Company A - 75 83 68 52

Company B - 59 75 100

Company C - 65 70 97 90 73

Company D - 76 60 52 58

Using the 5% significance level, test the null hypothesis that the mean auto insurance premium paid per month by all drivers insured by each of these four companies is the same.

To test the null hypothesis that the mean auto insurance premium paid per month by all drivers insured by each of these four companies is the same, we can use a one-way analysis of variance (ANOVA) test.

The ANOVA test compares the variation among multiple groups (in this case, the insurance companies) with the variation within each group (the premiums paid by the drivers insured by each company). If the variation among the groups is significantly larger than the variation within each group, it suggests that there are differences in the means of the groups.

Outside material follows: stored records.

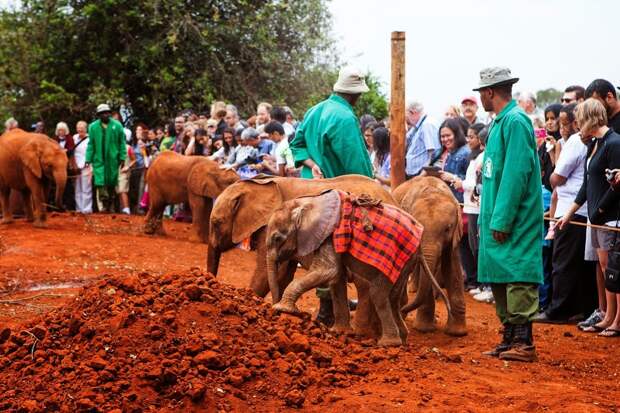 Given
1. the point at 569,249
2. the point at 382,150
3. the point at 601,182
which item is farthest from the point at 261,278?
the point at 382,150

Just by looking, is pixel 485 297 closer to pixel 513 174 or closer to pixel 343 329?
pixel 343 329

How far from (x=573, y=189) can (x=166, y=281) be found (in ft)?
15.8

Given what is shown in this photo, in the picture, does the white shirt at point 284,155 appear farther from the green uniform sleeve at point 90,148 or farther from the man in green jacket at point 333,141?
the green uniform sleeve at point 90,148

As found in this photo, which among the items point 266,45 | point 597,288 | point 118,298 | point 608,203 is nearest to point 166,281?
point 118,298

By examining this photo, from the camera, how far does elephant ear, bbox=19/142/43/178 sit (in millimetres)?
16828

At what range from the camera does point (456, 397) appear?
236 inches

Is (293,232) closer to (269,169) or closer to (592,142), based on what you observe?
(592,142)

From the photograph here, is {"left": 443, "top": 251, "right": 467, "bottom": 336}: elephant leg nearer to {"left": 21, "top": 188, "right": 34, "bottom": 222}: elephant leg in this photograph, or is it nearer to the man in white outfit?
{"left": 21, "top": 188, "right": 34, "bottom": 222}: elephant leg

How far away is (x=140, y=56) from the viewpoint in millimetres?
22750

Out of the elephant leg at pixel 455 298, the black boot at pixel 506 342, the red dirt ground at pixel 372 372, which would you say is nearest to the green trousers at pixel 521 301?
the black boot at pixel 506 342

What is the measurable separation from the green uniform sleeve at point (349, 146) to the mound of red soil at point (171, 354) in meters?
2.23

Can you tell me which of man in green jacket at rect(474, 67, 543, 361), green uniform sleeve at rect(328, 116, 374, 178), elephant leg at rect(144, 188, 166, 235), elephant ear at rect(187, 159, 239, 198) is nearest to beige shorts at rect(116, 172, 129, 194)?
elephant leg at rect(144, 188, 166, 235)

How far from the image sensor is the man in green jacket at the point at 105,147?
745 inches

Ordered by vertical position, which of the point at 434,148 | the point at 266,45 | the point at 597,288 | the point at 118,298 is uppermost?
the point at 266,45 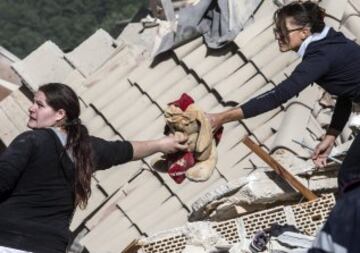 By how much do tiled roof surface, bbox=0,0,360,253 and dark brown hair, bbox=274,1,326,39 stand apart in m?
1.54

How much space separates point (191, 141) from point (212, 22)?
3.16m

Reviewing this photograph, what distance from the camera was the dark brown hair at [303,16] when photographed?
387 cm

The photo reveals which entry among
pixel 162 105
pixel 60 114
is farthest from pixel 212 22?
pixel 60 114

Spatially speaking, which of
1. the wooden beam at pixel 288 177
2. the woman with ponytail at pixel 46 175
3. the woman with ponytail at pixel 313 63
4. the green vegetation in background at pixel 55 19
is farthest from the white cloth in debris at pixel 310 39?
the green vegetation in background at pixel 55 19

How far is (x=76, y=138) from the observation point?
345 centimetres

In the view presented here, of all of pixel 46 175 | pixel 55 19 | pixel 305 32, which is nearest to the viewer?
pixel 46 175

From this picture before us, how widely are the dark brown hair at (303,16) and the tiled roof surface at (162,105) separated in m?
1.54

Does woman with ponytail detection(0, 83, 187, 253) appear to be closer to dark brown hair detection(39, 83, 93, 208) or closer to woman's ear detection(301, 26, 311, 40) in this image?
dark brown hair detection(39, 83, 93, 208)

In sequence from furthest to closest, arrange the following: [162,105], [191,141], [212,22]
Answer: [212,22] → [162,105] → [191,141]

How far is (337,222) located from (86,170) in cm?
124

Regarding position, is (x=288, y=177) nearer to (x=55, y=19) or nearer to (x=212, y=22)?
(x=212, y=22)

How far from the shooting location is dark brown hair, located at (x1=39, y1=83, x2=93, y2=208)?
3.40 metres

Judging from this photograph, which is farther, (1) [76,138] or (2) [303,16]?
(2) [303,16]

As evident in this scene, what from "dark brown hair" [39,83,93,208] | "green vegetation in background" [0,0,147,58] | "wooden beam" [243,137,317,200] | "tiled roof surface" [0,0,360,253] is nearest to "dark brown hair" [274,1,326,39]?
"wooden beam" [243,137,317,200]
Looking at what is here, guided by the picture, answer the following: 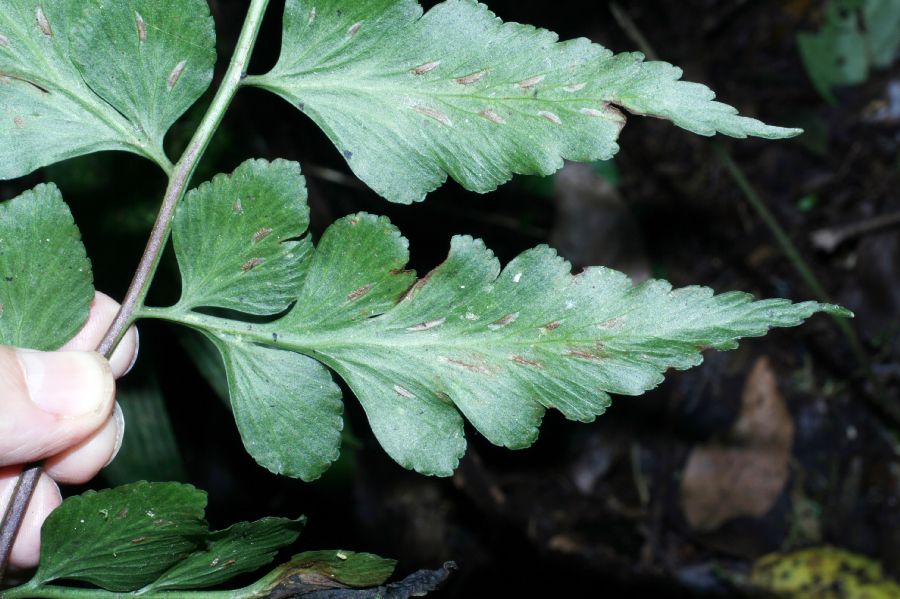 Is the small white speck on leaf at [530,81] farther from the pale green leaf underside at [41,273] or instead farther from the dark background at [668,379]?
the dark background at [668,379]

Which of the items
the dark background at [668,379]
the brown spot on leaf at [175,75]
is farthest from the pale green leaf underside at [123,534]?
the dark background at [668,379]

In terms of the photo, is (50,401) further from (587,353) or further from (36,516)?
(587,353)

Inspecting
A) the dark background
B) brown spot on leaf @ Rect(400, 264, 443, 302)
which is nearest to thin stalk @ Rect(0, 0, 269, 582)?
brown spot on leaf @ Rect(400, 264, 443, 302)

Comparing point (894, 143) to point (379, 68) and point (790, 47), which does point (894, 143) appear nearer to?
point (790, 47)

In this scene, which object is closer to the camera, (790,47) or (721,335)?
(721,335)

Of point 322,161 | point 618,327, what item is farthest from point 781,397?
point 618,327

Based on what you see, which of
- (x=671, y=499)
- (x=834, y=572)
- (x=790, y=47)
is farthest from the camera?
(x=790, y=47) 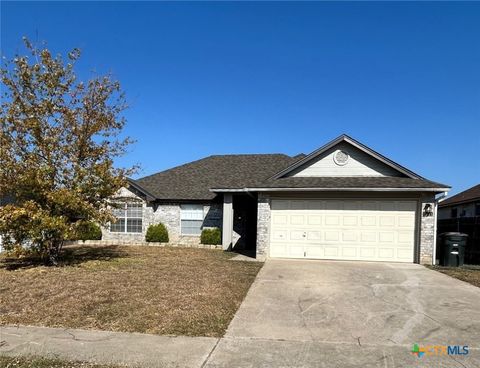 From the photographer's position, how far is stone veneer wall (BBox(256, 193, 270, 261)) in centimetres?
1486

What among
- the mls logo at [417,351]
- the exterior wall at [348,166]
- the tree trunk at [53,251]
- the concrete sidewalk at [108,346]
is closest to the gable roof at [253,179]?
the exterior wall at [348,166]

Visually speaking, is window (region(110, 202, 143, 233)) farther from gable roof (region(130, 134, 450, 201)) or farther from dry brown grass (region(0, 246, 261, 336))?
dry brown grass (region(0, 246, 261, 336))

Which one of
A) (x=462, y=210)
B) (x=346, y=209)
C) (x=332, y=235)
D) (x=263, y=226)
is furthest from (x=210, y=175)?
(x=462, y=210)

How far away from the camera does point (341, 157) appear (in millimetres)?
15656

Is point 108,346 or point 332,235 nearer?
point 108,346

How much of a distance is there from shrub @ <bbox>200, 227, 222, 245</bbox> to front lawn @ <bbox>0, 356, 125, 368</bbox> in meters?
14.2

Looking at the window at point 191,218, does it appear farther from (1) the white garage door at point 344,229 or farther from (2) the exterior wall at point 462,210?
(2) the exterior wall at point 462,210

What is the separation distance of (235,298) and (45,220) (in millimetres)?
6027

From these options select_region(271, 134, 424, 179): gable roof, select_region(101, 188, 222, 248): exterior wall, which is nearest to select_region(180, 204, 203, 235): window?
select_region(101, 188, 222, 248): exterior wall

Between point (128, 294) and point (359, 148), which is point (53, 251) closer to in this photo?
point (128, 294)

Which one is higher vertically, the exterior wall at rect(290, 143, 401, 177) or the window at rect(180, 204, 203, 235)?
the exterior wall at rect(290, 143, 401, 177)

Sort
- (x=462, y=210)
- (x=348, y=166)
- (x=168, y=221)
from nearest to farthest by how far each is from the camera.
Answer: (x=348, y=166) < (x=168, y=221) < (x=462, y=210)

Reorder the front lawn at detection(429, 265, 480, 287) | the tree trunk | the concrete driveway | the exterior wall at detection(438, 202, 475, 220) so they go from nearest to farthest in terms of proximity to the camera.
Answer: the concrete driveway < the front lawn at detection(429, 265, 480, 287) < the tree trunk < the exterior wall at detection(438, 202, 475, 220)

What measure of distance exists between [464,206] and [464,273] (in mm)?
13205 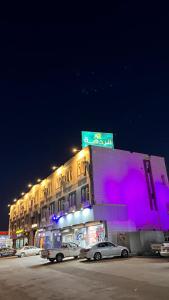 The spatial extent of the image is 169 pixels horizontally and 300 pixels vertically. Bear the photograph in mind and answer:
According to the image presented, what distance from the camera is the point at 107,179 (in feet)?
113

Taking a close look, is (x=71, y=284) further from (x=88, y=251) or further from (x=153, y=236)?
(x=153, y=236)

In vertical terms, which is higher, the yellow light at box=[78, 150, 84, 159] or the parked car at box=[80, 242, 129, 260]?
the yellow light at box=[78, 150, 84, 159]

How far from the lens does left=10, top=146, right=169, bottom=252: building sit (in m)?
32.3

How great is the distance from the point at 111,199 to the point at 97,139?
31.8ft

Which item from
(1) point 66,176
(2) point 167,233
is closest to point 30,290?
(2) point 167,233

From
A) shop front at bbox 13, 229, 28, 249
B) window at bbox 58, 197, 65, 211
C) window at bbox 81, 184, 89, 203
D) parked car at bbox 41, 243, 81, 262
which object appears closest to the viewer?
parked car at bbox 41, 243, 81, 262

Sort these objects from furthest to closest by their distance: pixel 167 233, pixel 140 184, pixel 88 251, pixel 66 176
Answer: pixel 66 176 < pixel 140 184 < pixel 167 233 < pixel 88 251

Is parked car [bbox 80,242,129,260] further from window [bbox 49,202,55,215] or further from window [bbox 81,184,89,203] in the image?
window [bbox 49,202,55,215]

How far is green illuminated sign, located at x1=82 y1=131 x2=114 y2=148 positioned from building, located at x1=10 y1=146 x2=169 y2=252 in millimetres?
2604

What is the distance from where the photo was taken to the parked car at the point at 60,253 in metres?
24.2

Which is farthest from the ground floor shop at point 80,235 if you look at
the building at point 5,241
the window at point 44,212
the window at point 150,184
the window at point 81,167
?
the building at point 5,241

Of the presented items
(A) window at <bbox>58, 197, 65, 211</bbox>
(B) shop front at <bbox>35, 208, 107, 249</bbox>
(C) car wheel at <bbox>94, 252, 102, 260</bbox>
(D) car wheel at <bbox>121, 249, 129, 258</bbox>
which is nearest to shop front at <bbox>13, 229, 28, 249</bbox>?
(B) shop front at <bbox>35, 208, 107, 249</bbox>

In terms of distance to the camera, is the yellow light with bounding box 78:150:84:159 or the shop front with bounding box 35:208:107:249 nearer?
the shop front with bounding box 35:208:107:249

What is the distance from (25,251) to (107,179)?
15.3 m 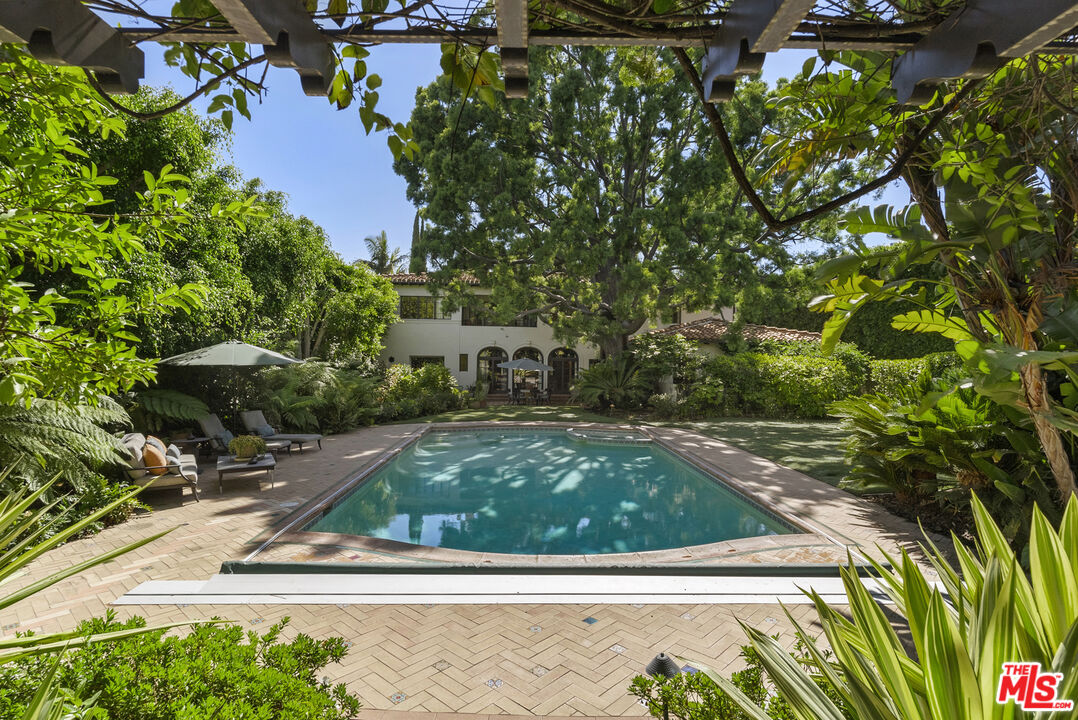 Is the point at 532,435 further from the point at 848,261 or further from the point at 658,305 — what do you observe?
the point at 848,261

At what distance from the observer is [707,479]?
31.7 ft

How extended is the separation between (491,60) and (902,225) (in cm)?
300

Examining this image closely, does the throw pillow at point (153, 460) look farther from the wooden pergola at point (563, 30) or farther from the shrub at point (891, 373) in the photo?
the shrub at point (891, 373)

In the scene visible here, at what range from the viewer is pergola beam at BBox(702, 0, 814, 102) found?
4.75 ft

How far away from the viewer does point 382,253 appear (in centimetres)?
3800

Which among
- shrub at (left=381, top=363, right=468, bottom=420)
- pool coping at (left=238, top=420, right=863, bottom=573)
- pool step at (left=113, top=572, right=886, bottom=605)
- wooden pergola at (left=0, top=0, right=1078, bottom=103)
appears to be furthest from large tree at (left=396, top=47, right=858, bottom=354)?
wooden pergola at (left=0, top=0, right=1078, bottom=103)

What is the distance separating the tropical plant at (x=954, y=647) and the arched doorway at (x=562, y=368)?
1009 inches

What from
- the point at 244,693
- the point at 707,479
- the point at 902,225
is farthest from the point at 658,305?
the point at 244,693

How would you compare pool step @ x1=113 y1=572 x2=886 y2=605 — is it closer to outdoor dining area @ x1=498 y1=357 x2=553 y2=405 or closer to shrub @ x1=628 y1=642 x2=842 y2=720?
Answer: shrub @ x1=628 y1=642 x2=842 y2=720

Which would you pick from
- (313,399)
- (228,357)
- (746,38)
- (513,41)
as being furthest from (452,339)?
(746,38)

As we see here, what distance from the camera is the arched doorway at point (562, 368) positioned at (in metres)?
27.5

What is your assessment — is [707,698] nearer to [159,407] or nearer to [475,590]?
[475,590]

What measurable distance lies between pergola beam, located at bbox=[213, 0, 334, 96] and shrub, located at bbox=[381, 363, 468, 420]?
16.6 metres

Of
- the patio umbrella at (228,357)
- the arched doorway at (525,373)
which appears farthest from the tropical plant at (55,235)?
the arched doorway at (525,373) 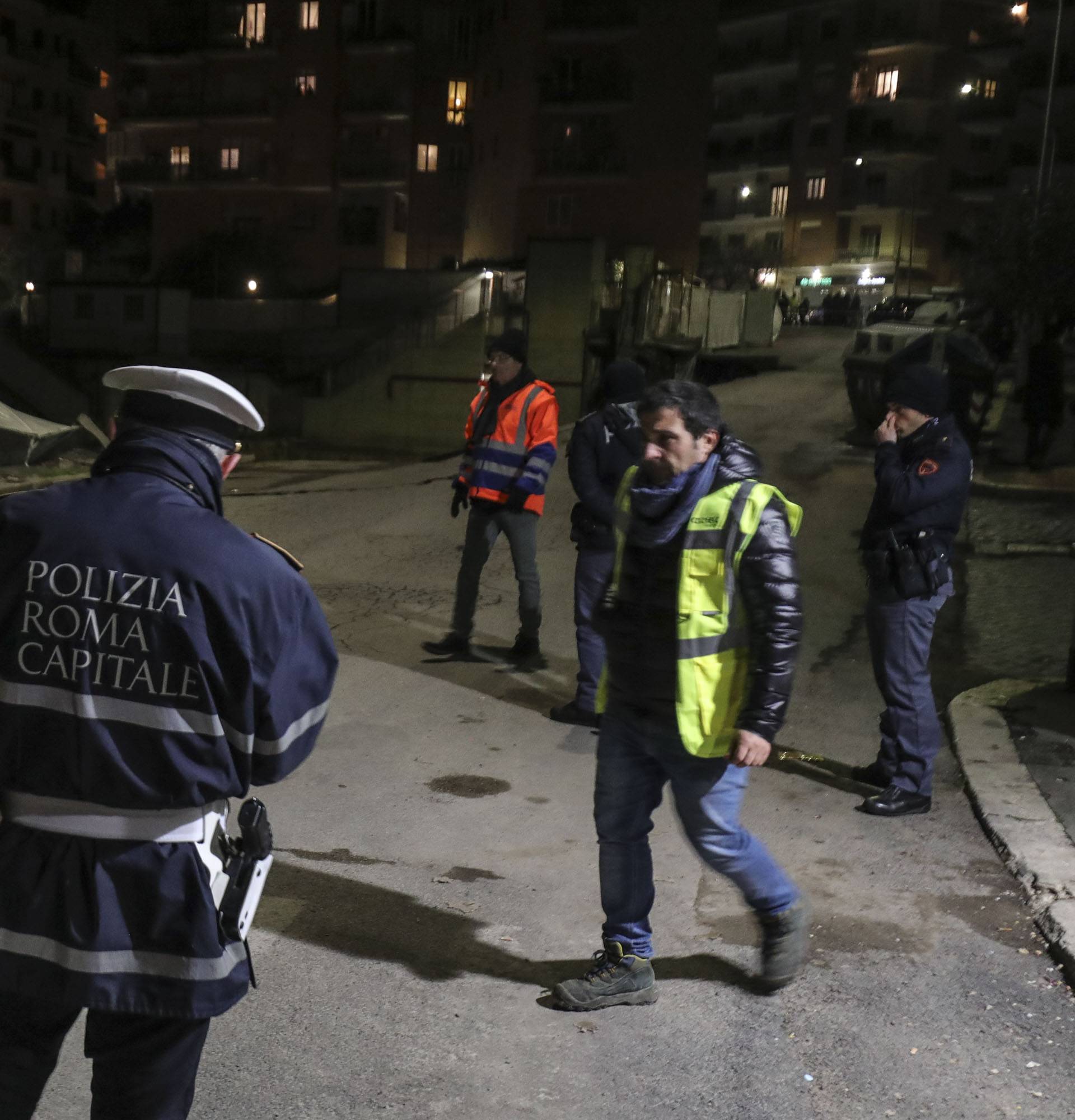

Here are the steps to perform the ANOVA test using the provided data:

Step 1: Calculate the means (average) of the premiums paid by drivers insured by each company:
- Company A mean: (75 + 83 + 68 + 52) / 4 = 69.5
- Company B mean: (59 + 75 + 100) / 3 = 78
- Company C mean: (65 + 70 + 97 + 90 + 73) / 5 = 79
- Company D mean: (76 + 60 + 52 + 58) / 4 = 61.5

Step 2: Calculate the overall mean of all premiums paid:
- Overall mean = (69.5 + 78 + 79 + 61.5) / 4 = 72.25

Step 3: Calculate the sum of squared differences within each group (SSwithin):
- SSwithin = (75 - 69.5)^2 + (83 - 69.5)^2 + (68 - 69.5)^2 + (52 - 69.5)^2 + (59 - 78)^2 + (75 - 78)^2 + (100 - 78)^2 + (65 - 79)^2 + (70 - 79)^2 + (97 - 79)^2 + (90 - 79)^2 + (73 - 79)^2 + (76 - 61.5)^2 + (60 - 61.5)^2 + (52 - 61.5)^2 + (58 - 61.5)^2

Step 4: Calculate the sum of squared differences between each group mean and the overall mean (SSbetween):
- SSbetween = 4 * [ (69.5 - 72.25)^2 + (78 - 72.25)^2 + (79 - 72.25)^2 + (61.5 - 72.25)^2 ]

Step 5: Calculate the degrees of freedom for within-group and between-group variations:
- dfwithin = total number of premiums - number of groups = 16 - 4 = 12
- dfbetween = number of groups - 1 = 4 - 1 = 3

Step 6: Calculate the mean squares (MS) for within-group and between-group variations:
- MSwithin = SSwithin / dfwithin
- MSbetween = SSbetween / dfbetween

Step 7: Calculate the F-statistic:
- F = MSbetween / MSwithin

Step 8: Determine the critical F-value at a 5% significance level with the degrees of freedom (dfbetween, dfwithin) and compare it with the calculated F-value. If the calculated F-value is greater than the critical F-value, we reject the null hypothesis.

Step 9: Interpret the results. If we reject the null hypothesis, it implies that there are significant differences in the mean auto insurance premiums among the insurance companies.

Note: The calculation of SSwithin, SSbetween, MSwithin, and MSbetween can be done manually or using statistical software such as Excel, SPSS, or R.

Performing these steps will help you test the null hypothesis that the mean auto insurance premium paid per month by all drivers insured by each of these four companies is the same.